BY DR. SHAUN TREAT
Mother’s Day is always a great time to praise the endless patience and grit of the special ladies who’ve helped make us who we are. In that spirit of gratitude, and as prelude to reminding you ta call your sweet momma, here’s a look back at a few of the many Denton matriarchs who have made our community better ever since way back in the day. Read all about them in this month's edition of Back in the Day...
Denton’s history overflows with tough women of amazing grit who loomed large. One of Denton’s very first foremothers, Ruth Murphy, supervised the ambitious move of the log-hewn Murphy Hotel cabin being pulled by mule-team on rolling logs from Old Alton to its new lot in Denton… nine-months pregnant while knitting in her rocking chair atop the jostling porch (some say to guard her china)! Unsurprisingly, she bore the first manchild of Denton within days of the spectacular 1857 relocation. Ruth also became quite famous in these parts for her tidy accommodations, legendary hospitality, and sumptuous meals that were announced by ringing a dinner triangle that echoed across the downtown Square. In another epic episode during an 1860 fire that consumed part of the Denton Square, which started in Smoot’s Dry Goods Store then explosively ignited 25 kegs of gunpowder that rained down fiery debris upon wooden tenderbox buildings, a bucket brigade of Denton’s women saved the township from the rapidly-spreading inferno! In hoop skirts, no less!
Denton damsels are particularly powerful when they work in teams. Denton’s Ariel Club, established in 1891 as Denton’s oldest club for women, is one major outlet for Denton mavens who’ve had a big influence on our fair city and were a driving force behind creating Denton’s city parks. As Kevin Roden noted in his own tribute a few years back, Denton’s women also formed a “Shakespeare Club” in 1899 that played a formative role in shaping the Denton culture we all know and love.
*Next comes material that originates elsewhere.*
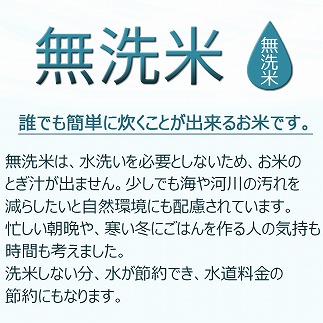 新潟県産コシヒカリ 無洗米 6?(2?×3袋)　安心安全なヤマトライス　H074-196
Yet even during times when most women were simply identified as “wife of” or “mother to” notable menfolk, Denton had more than its fair share of trailblazers. Louisa Mansfield Owsley, the scion of old Virginia gentry, arrived in 1872 when she was 40 years old and became Denton’s first homeopathic physician. She had married Dr. Henry Owsley in 1847 when she was 17, wagon-trained to California for the Gold Rush as they started a family, only to be captured by Native Americans but then released after helping treat the grateful tribe for a bad outbreak of pinkeye. After returning home a few years later with “pockets literally stuffed with gold,” the Owsley’s Missouri plantation was burned during the Civil War so the two Doctor Owsleys again struck out to rebuild their fortunes as a traveling Medicine Show wagon of amazing healing elixirs. By the time they moved their family to Denton, Louisa was a seasoned homeopath known for her strong opinions and fiercely independent spirit, treating only women and children. It was no secret the Madame Doctor had nothing but contempt for conventional medicine as practiced by her husband. “Grandma wouldn’t doctor with Grandpa,” descendent Lou Owsley would later recall, but she “would let him hitch up her horse, though, when she went on calls.” Dr. Louisa Owsley would deliver over 4,000 babies as a sought-after midwife and homeopath during her next 34 years in Denton, more than any other doctor in the county! That’s an impressive record considering she didn’t get started until 40!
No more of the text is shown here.